Dos Ridículos da Vida — As Vidas Negras na Pós-modernidade Liquefeita

Na segunda metade do segundo decênio do século XXI, e uma onda proto-fascita, ganhou força, mundo afora e por estas paragens não seria diferente. Afetando todos os setores da sociedade, radicalizando discursos e práticas políticas, mundo afora.

E antes de entrar no tema proposto, teço algumas considerações. O quão é delicada a questão racial, ao sul do país em que vivo, aqui neste pequeno espaço, não quero eu me aprofundar nas minúcias e complexidades que o tema cabe, pretensões que esta narrativa não tem. Contudo, não escrevo em frágeis asas de mariposas, vou relatar a minha perspectiva, através dos olhos de um mero militante do movimento negro. Sendo eu um simples habitante, do subsolo da sociedade estratificada, eu um marxista, um homem negro, eu periférico e membro efetivo do aparato repressivo do estado.

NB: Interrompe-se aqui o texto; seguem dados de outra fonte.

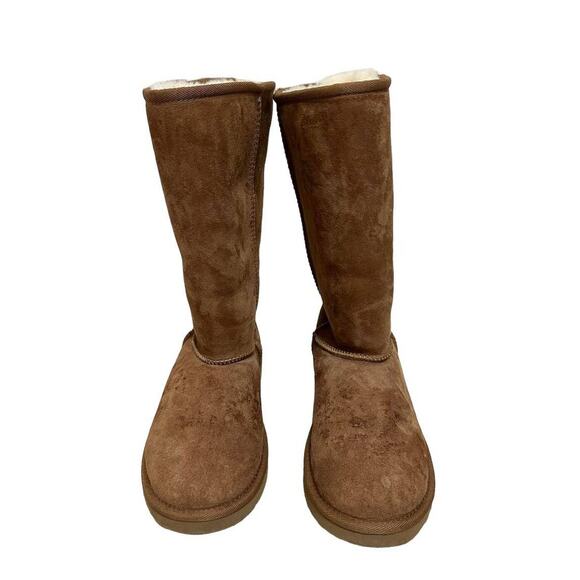 UGG Australia Women's Shearling Brown Suede‎ Fur F26015G Classic Tall Boots Sz 5 - Picture 2 of 7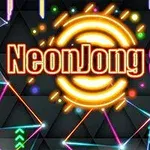 Neonfarvede geometriske mønstre og teksten NeonJong 3D på en mørk baggrund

Dito isto, ouso dizer que, dos muitos embates, grandes e pequenos, nos anos que acumulo, na pequena cidade litorânea e portuária, vou ressaltar um pequeno embrulho, que passou despercebido aos olhos de muitos. Um aparelho cultural, que guarda e resguarda a história do lugarejo onde vivo, no momento que dedilho este breve texto. Em suma, era um sarau, um recital poético feito em praça pública, organizado pelo aparato memorialista local, um evento para homenagear a negritude. Nada de novo no front.

Eis que eu estava tocando a minha vida, até que um professor historiador, militante do movimento, me alertou do tal evento para a negritude. Como eu não sabia do tal evento, eu queria participar, até que o meu bom amigo, me alertou que o evento para a negritude já havia ocorrido e pior, sem a presença de afrodescendentes. Disse eu que não era possível, em resposta me mandou a link da página oficial na internet do aparato histórico e lá estava um grupelho da elite cultural e política da cidade.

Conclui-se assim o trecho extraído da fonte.